----- MATERIAL FOR THIS EXERCISE -----
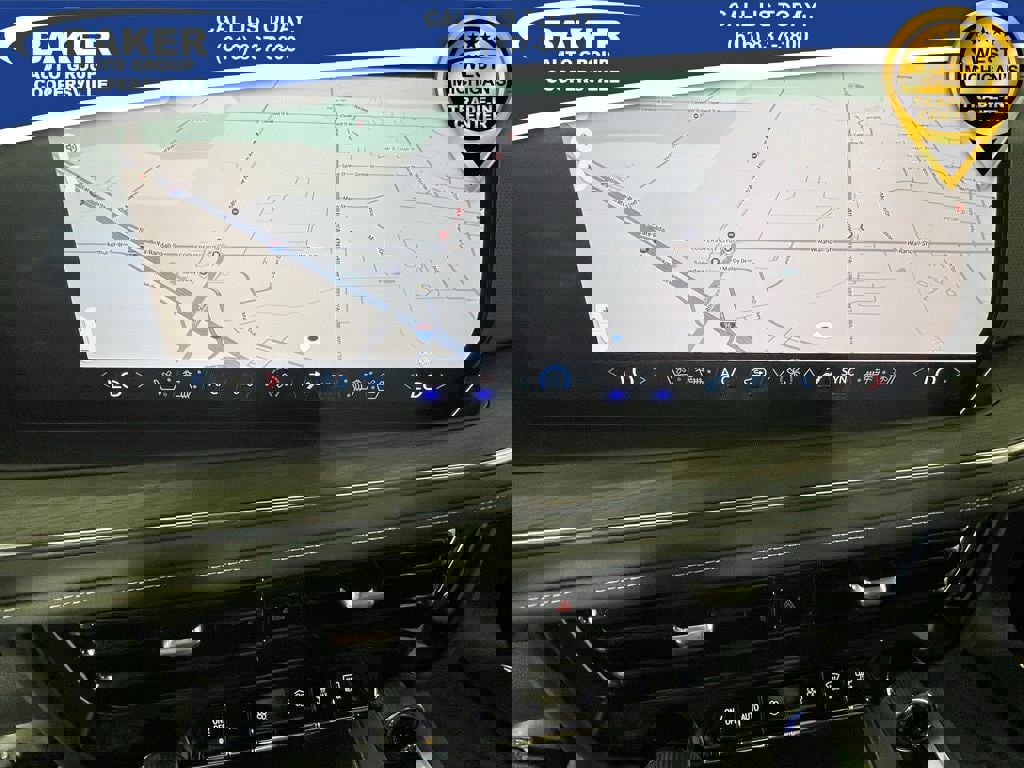 New 2025 Chevrolet Suburban Premier image 28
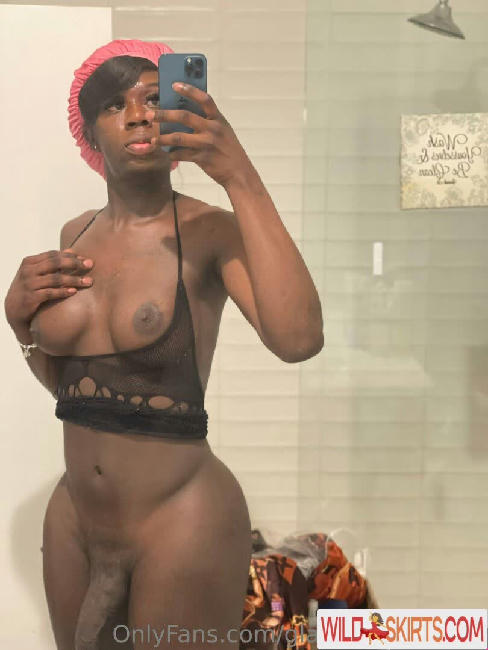 glamazonchanelr / bedroombully_ts / glamazonchanelr nude OnlyFans, Instagram leaked photo #175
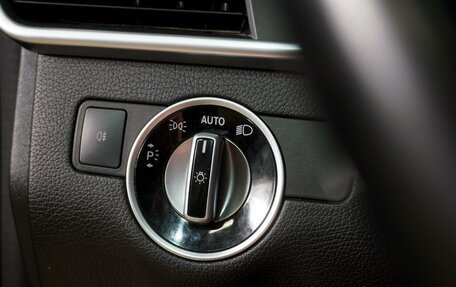 Mercedes-Benz M-Класс, 2013 год, 2 425 000 рублей, 15 фотография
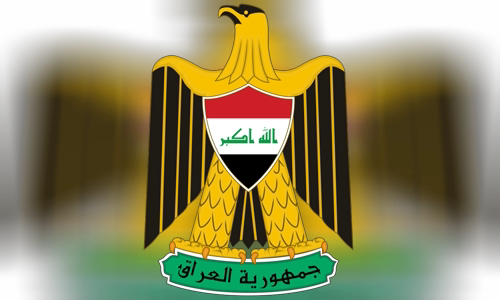 President of Iraq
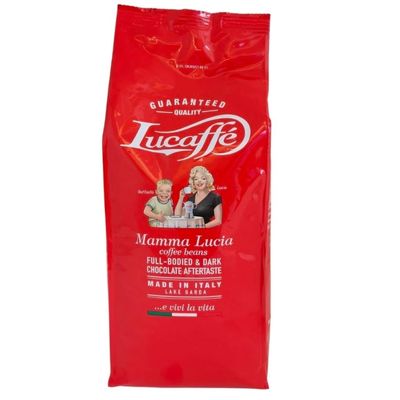 Lucaffé Mamma Lucia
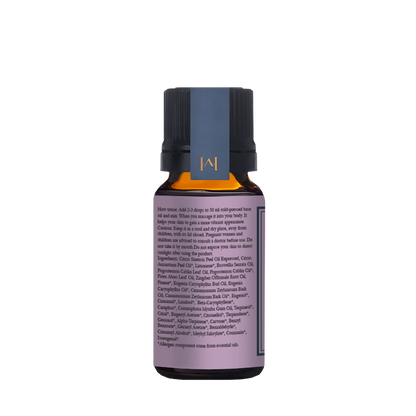 Homemade Aromaterapi | Abundance Essential Oil Blend – Uplifting &amp; Prosperity Ritual – 10ml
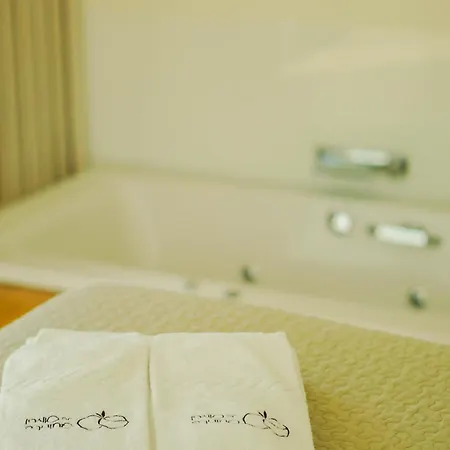 Casa rural Quinta Do Olival *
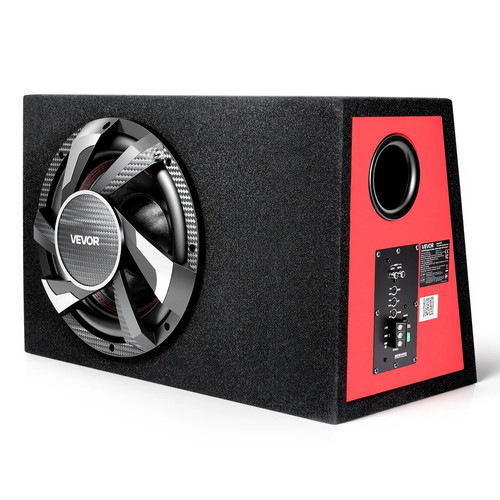 Subwoofer per auto sistema - per,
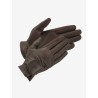 Gants d'équitation Classic LeMieux - Marron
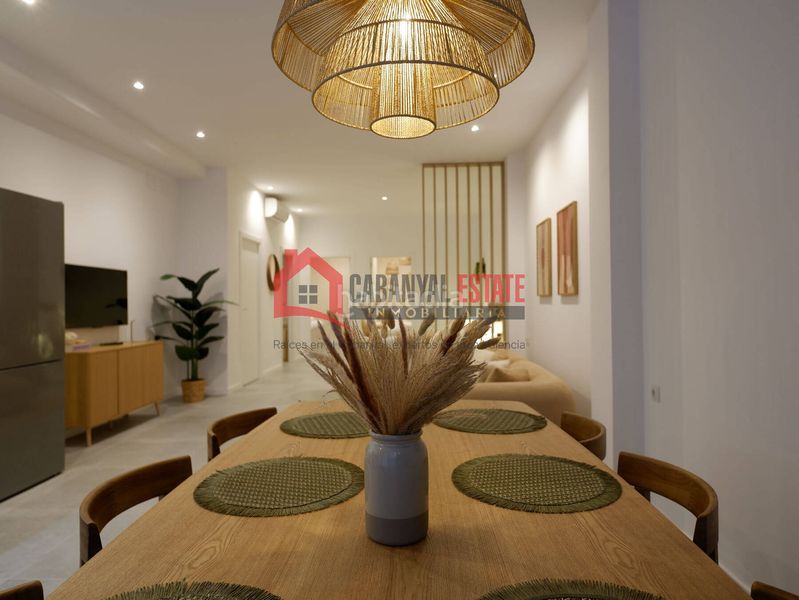 Foto bee7ac91-1f19-4620-a398-a11dcde0861a. Apartamento en L´Hort de Senabre Valencia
-----
* _EXERCISE PROMPT_
Set the records down again exactly, with no pictures.

* _RESPONSE TO THE TASK_
 New 2025 Chevrolet Suburban Premier image 28
 glamazonchanelr / bedroombully_ts / glamazonchanelr nude OnlyFans, Instagram leaked photo #175
 Mercedes-Benz M-Класс, 2013 год, 2 425 000 рублей, 15 фотография
 President of Iraq
 Lucaffé Mamma Lucia
 Homemade Aromaterapi | Abundance Essential Oil Blend – Uplifting &amp; Prosperity Ritual – 10ml
 Casa rural Quinta Do Olival *
 Subwoofer per auto sistema - per,
 Gants d'équitation Classic LeMieux - Marron
 Foto bee7ac91-1f19-4620-a398-a11dcde0861a. Apartamento en L´Hort de Senabre Valencia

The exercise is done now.